Dadan tidak menampik bahwa terdapat ketentuan dari Kementerian Lingkungan Hidup dan Kehutanan (KLHK) yang mengatur bahwa minimal RON untuk bensin adalah 91.
Hal itu sebagaimana termaktub dalam Peraturan Menteri LHK No.
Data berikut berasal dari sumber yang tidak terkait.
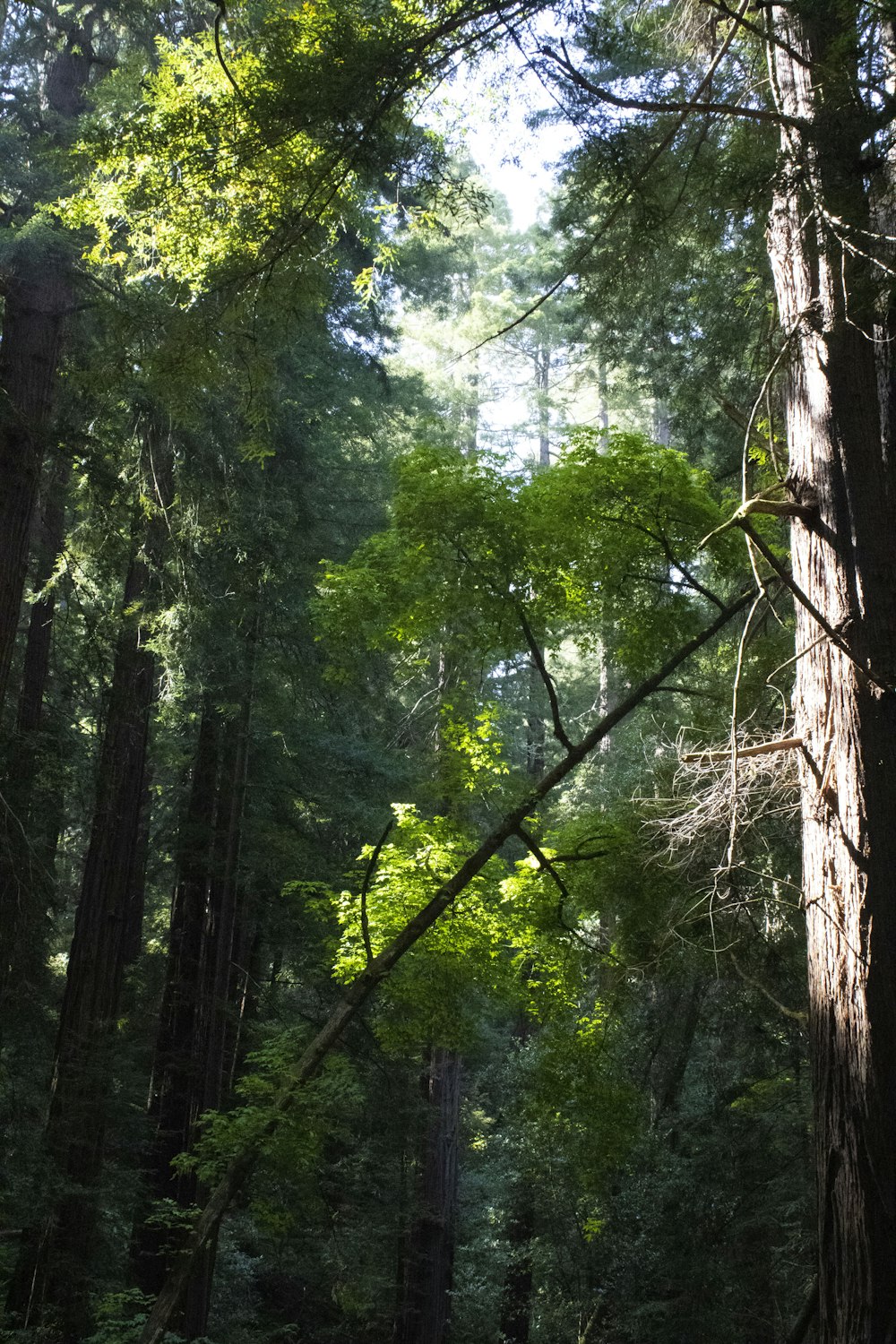 a forest filled with lots of tall trees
P.20/Menlhk/Setjen/Kum.1/3/2017 tentang Baku Mutu Emisi Gas Buang Kendaraan Bermotor Tipe Baru Kategori M, Kategori N, dan Kategori O.
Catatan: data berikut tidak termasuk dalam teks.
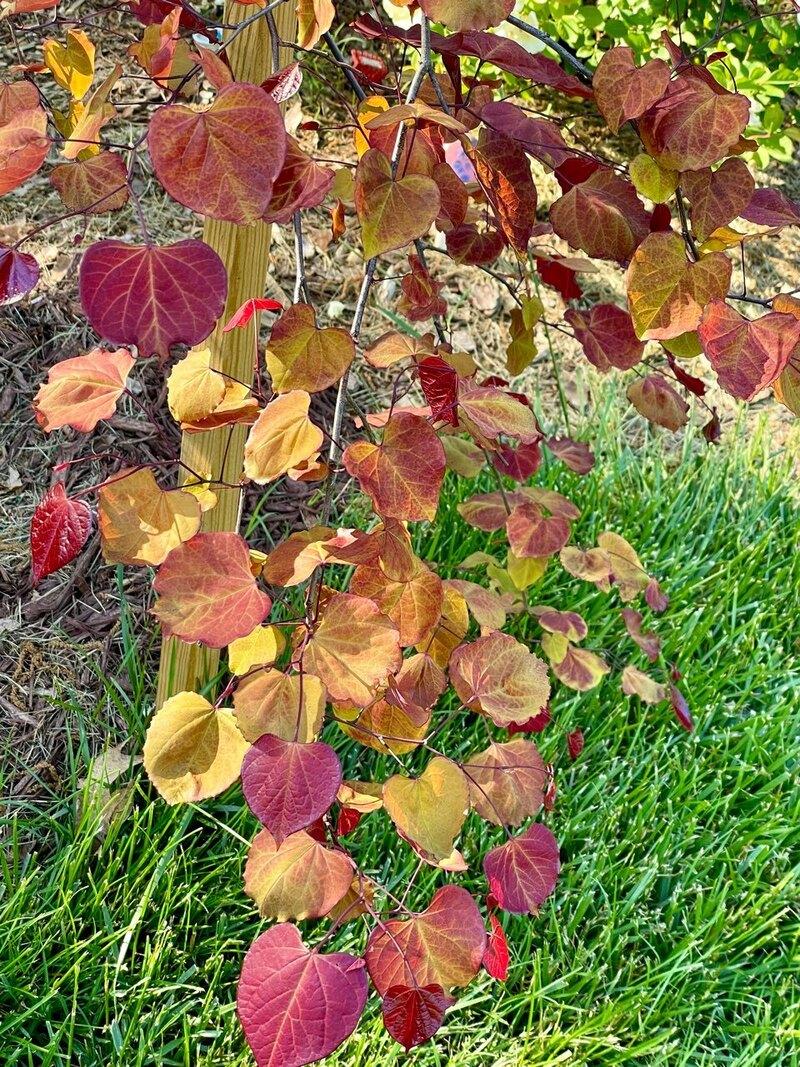 Cercis Canadensis Flame Thrower Single Stem - View 9 from www redcrocus com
ESDM sebelumnya juga mengungkapkan pemerintah akan mempersiapkan 2 juta hektare (ha) lahan tebu, di mana setengahnya bakal digunakan untuk bahan baku bioetanol yang akan menjadi bahan bakar ramah lingkungan pengganti Pertalite.
Direktur Jenderal Energi Baru Terbarukkan dan Konservasi Energi (EBTKE) Kementerian ESDM Eniya Listiani Dewi mengatakan lahan di Merauke, Papua Selatan tersebut nantinya akan dikelola oleh Kementerian Badan Usaha Milik Negara (BUMN).
“Kita prediksi bahwa dari lahan, konsepnya itu ada lahan 2 juta ha yang akan dikelola oleh Kementerian BUMN, yang dalam hal ini BUMN-nya adalah Perhutani. Di situ separuhnya adalah lahan untuk bahan baku dari bioetanol. Jadi arahnya ke sana," tuturnya kepada Bloomberg Technoz.
Dihubungi secara terpisah, Kementerian Investasi/Badan Koordinasi Penanaman Modal (BKPM) mengonfirmasi pembentukan Satuan Tugas (Satgas) Percepatan Swasembada Gula dan Bioetanol di Kabupaten Merauke, Provinsi Papua Selatan memang bertujuan untuk menyiapkan bahan baku biofuel pengganti Pertalite atau Pertamax yang bakal mulai digunakan pada 2027.
Deputi Bidang Pengendalian Pelaksanaan Penanaman Modal Kementerian Investasi/BKPM Yuliot mengungkapkan pemerintah saat ini tengah melakukan persiapan lapangan, sehingga target produksi bahan baku tebu untuk bahan bakar berbasis bioetanol pengganti Pertalite atau Pertamax bisa tercapai pada 2027.
“Penyediaan bioetanol yang berasal dari fermentasi tetes [tebu/molasses] digunakan untuk pengganti Pertamax atau Pertalite. [Bioetanol pengganti Pertalite atau Pertamax bisa digunakan] sesuai dengan rencana produksi di Merauke pada 2027,” ujar Yuliot kepada Bloomberg Technoz.